Why do I feel like we need to keep marching forward? Where is that hope? What does brown ambition mean in an age where we just elected this man again? What does it mean? It means? Did we think it was gonna be fucking easy? Did we think if we thought? And I'm part of that generation, You're part of that generation where you've read about the civil rights movement, and you read about Martin Luther King and Shirley Chisholm. If you're lucky you read about it in school. I certainly didn't,

not until later you read about Fanny lou Hamer. You know, you live through the Obama election, in my case, the first election I ever voted in. I can understand how we would end up now devastated when we get an outcome that doesn't fit the narrative that we have been fed as children growing up in a post civil rights era. We have been fed this idea that this is the natural order of things. We are ancestors, our grandparents are great grandparents. They fought these battles so that we would

have a better shot. And the lie or the version of things that we have been believing for so long on all speak for myself, maybe you guys agree, is that the fight was over, and that there was this natural progression in the story where now we begin to win. Now we begin to make gains, and there's this upward trajectory. But here's the reality. Nothing worth fighting for. Nothing as important as democracy and liberty and freedom and the rights

to a dignified, happy and healthy life. Nothing about that should be easy to fight for or easy to protect. We have to understand that it is going to be a struggle. We have to get comfortable with the struggle. We need to get comfortable with the idea that it's not going to be Let's turn this around. Four years, eight years, we've had two elections now where we've gotten really close to electing a woman. We have to keep going.

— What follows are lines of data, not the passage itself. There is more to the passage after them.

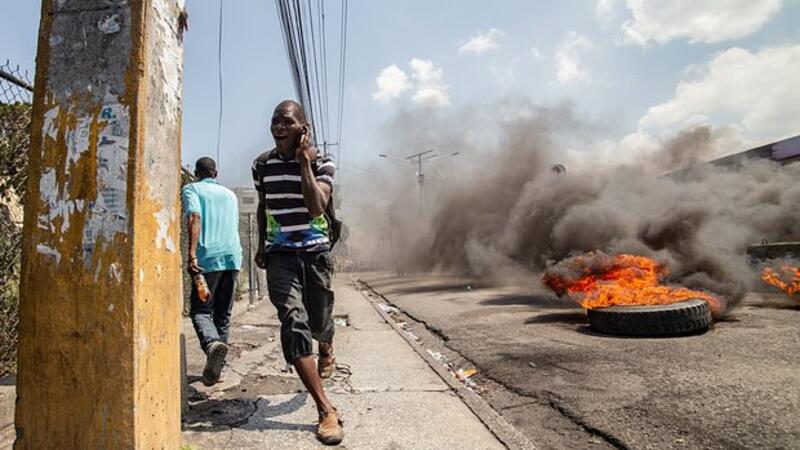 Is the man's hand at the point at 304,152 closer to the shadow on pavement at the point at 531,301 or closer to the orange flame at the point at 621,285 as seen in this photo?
the orange flame at the point at 621,285

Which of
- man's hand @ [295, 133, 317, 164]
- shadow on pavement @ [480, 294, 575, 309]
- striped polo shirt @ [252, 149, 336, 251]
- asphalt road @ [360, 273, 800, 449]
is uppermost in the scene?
man's hand @ [295, 133, 317, 164]

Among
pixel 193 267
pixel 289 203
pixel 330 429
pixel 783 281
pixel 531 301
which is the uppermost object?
pixel 289 203

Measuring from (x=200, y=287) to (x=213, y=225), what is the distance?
683 mm

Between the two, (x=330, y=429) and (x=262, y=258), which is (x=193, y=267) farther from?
(x=330, y=429)

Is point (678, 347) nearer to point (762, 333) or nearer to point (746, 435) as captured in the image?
point (762, 333)

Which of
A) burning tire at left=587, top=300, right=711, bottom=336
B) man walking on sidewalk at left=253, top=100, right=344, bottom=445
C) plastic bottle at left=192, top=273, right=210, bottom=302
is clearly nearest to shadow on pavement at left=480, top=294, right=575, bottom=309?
burning tire at left=587, top=300, right=711, bottom=336

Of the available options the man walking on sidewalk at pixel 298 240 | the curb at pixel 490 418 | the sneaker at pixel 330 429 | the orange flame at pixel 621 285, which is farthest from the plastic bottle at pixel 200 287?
the orange flame at pixel 621 285

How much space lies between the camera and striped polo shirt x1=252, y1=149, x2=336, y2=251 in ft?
9.78

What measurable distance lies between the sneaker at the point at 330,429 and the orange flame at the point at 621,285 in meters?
4.76

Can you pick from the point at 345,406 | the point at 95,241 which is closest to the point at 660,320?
the point at 345,406

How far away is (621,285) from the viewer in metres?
7.45

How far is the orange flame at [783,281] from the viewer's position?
301 inches

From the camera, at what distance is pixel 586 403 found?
133 inches

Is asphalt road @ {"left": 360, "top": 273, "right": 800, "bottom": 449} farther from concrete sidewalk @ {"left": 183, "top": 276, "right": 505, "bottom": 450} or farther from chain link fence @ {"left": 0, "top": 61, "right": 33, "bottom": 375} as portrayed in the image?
chain link fence @ {"left": 0, "top": 61, "right": 33, "bottom": 375} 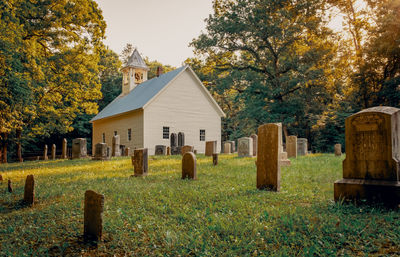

It's not going to be easy. I wanted the end of the story to stop on that screen of Kamala Harris, My god, what a hero. I wanted to see her with the confetti streaming down, walking away with a victory. I really wanted that too, But the story keeps going. This is a defeat. Nothing worth it comes without suffering. Suffering is a part of life. What we're feeling today is painful. It is depressing. It causes dismay, and you

may be feeling that, and I feel it too. And yet today, right now, I put on my damn lipliner, I put on my mascara, I sat in this chair, I hit record because I am here with y'all, and I understand what I really want y'all to understand too, which is that this is the time, more than ever to push forward. This is what it was like for our generations before, to suffer and to fight and to

claw back humanity, to claw back rights. And now we are being called in the same way to learn how to take these blows, to get knocked down and get the f back up. And I'll tell you right now, Ba Fam, I'm getting back up. In fact, I barely hit the ground. There is no place I'd rather be and than a time like this than on this stage. However, whatever size, this stage is speaking to my ba Fam, because I need y'all to know that I'm not giving up. I am showing up. Okay, I'm doing it for y'all.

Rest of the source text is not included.